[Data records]

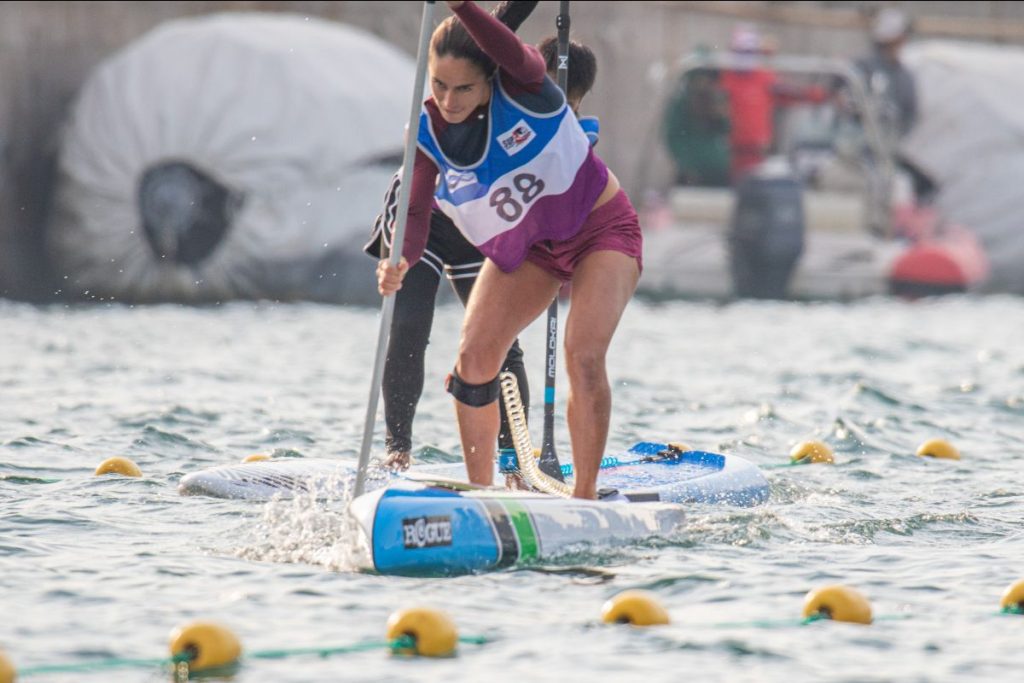 Olivia Piana ICF SUP sprint World Championships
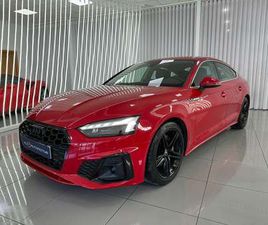 AUDI A5 SPORTBACK 40 TDI S LINE QUATTRO S TRONIC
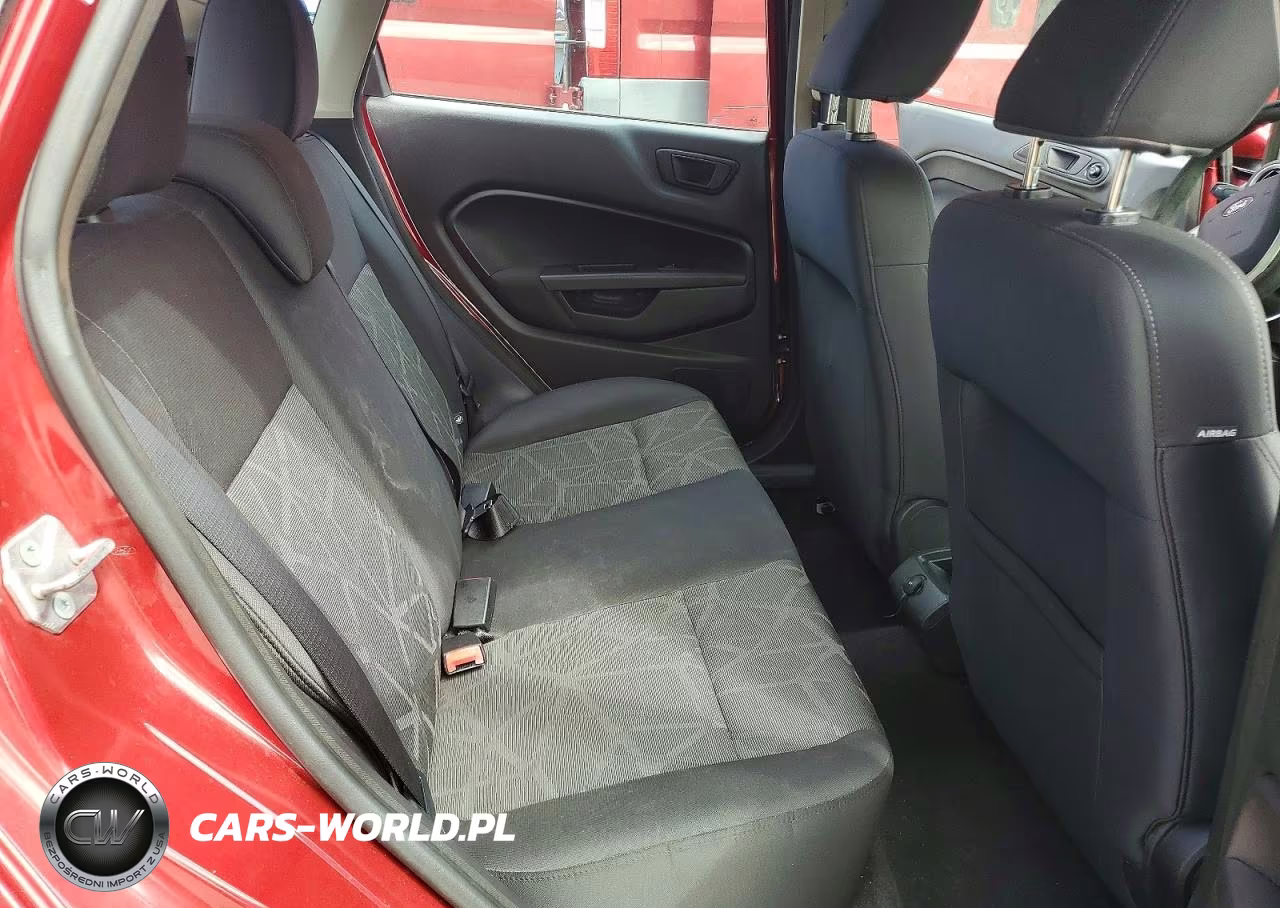2011 Ford Fiesta Se VIN:3FADP4EJ2BM124640 - 10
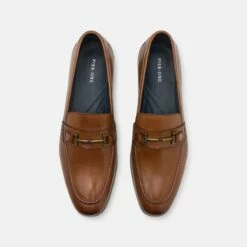 Pier One Hombre LEATHER - Mocasines - Cognac -Ofertas Pier One Tienda 60d6e1eb9fca48c999a79d20f429e749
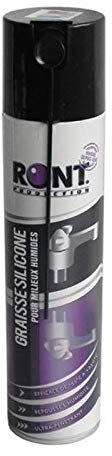 RONT 7261 Graisse silicone Violet 400 ml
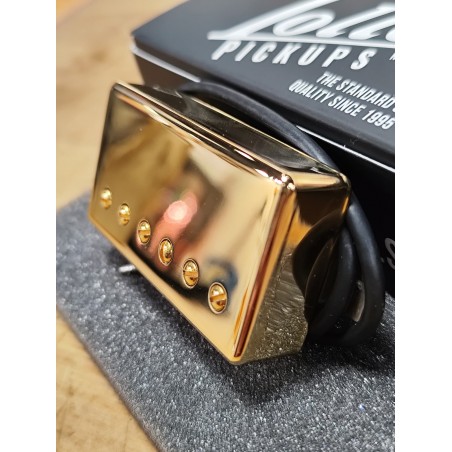 Lollar Imperial Low Wind Bridge Gold 4C *Used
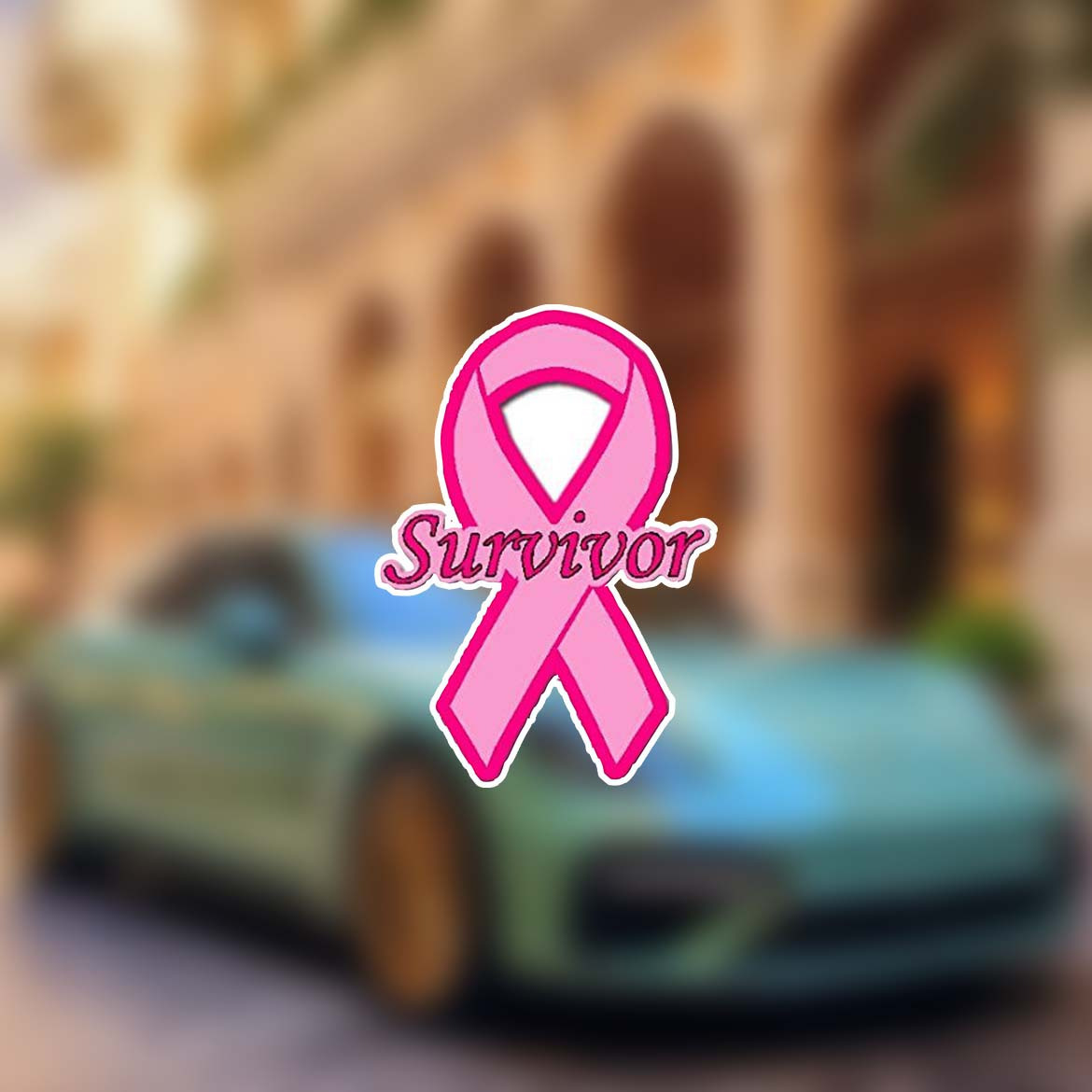 

Breast Decal - Durable Pet Vinyl Sticker For Car, Wall, Window & Laptop, Multipurpose Adhesive Emblem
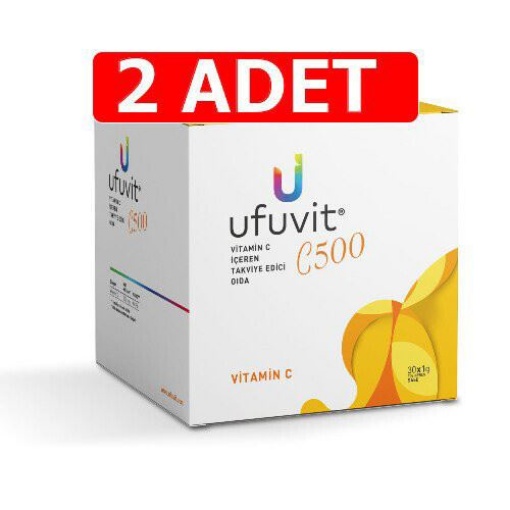 [Kampanya] Ufuvit C 500 30 Saşe  (2 Adet) resmi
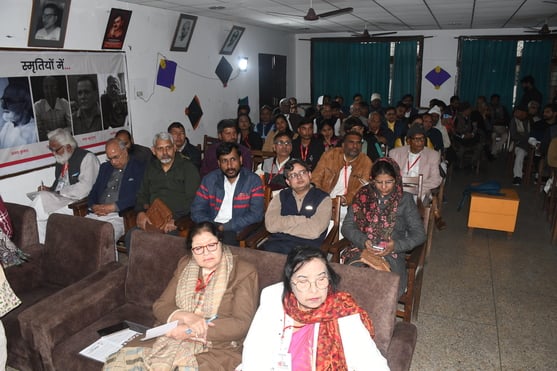  विभाजन की संस्कृति के खिलाफ एकजुटता के संकल्प के साथ शनिवार को जन संस्कृति मंच का दो दिवसीय दस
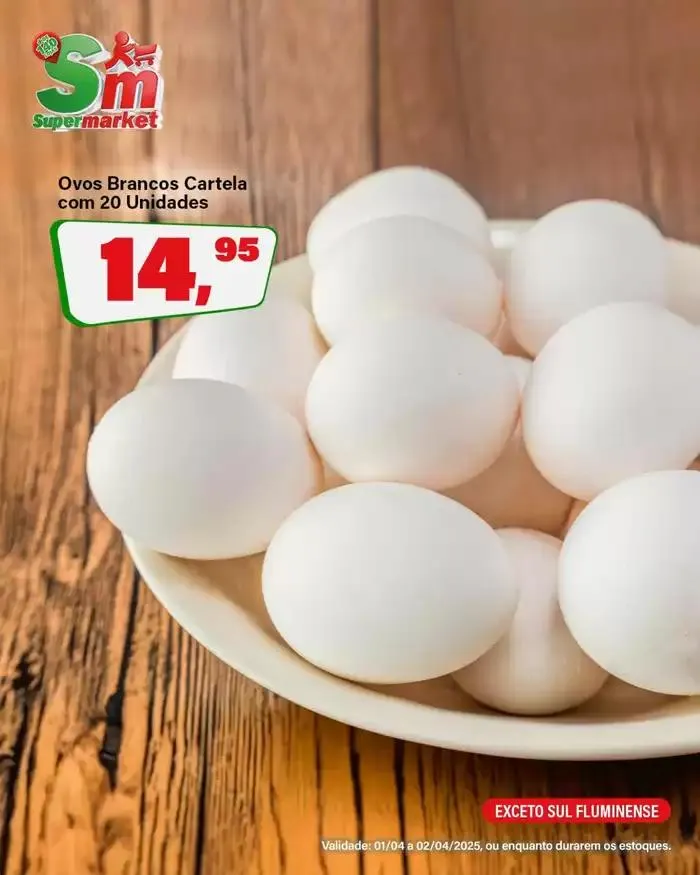 Encarte de Melhores ofertas para compradores econômicos 1 de abril até 2 de abril 2025 - Pagina 4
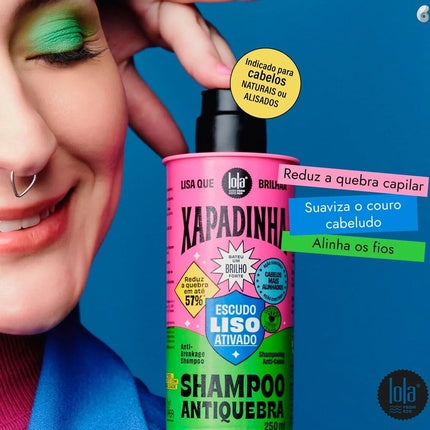 Șampon Lola Xapadinha Antibreakage 250 ml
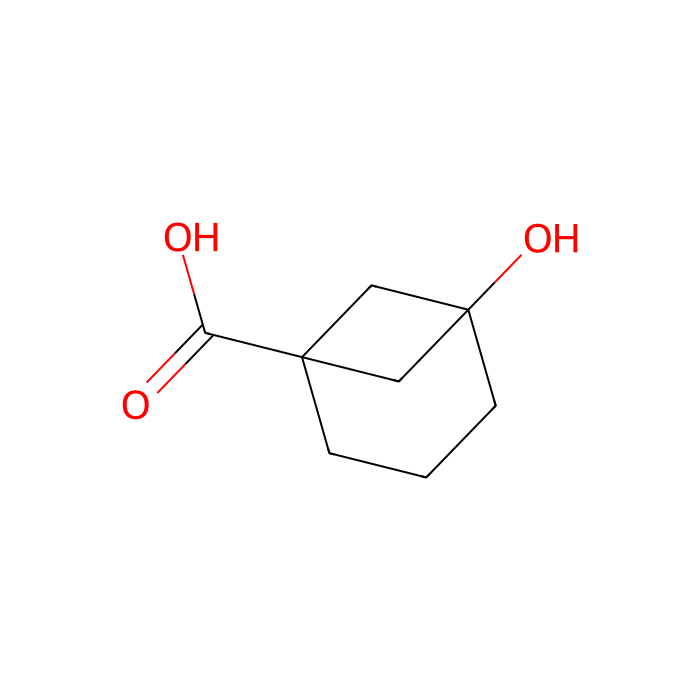 5-hydroxybicyclo[3.1.1]heptane-1-carboxylic acid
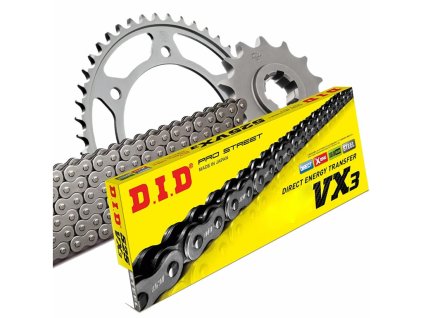 DID Řetězová sada Aprilia 1000 RSV4 R / APRC rok 11-15  X-ring VX3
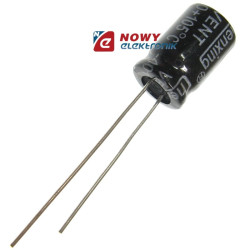 470uF/25V         Kond. el.105°C-Podzespoły Elektroniczne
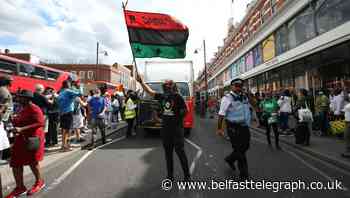 Protesters blocking roads bring Brixton to a halt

ACTIVITY. The copy must begin at the line containing "Kond. el.105°C-Podzespoły Elektroniczne" and end at the last line of the data above, with every line retyped exactly and no pictures included.

ANSWER TO THIS EXERCISE.
 470uF/25V         Kond. el.105°C-Podzespoły Elektroniczne
 Protesters blocking roads bring Brixton to a halt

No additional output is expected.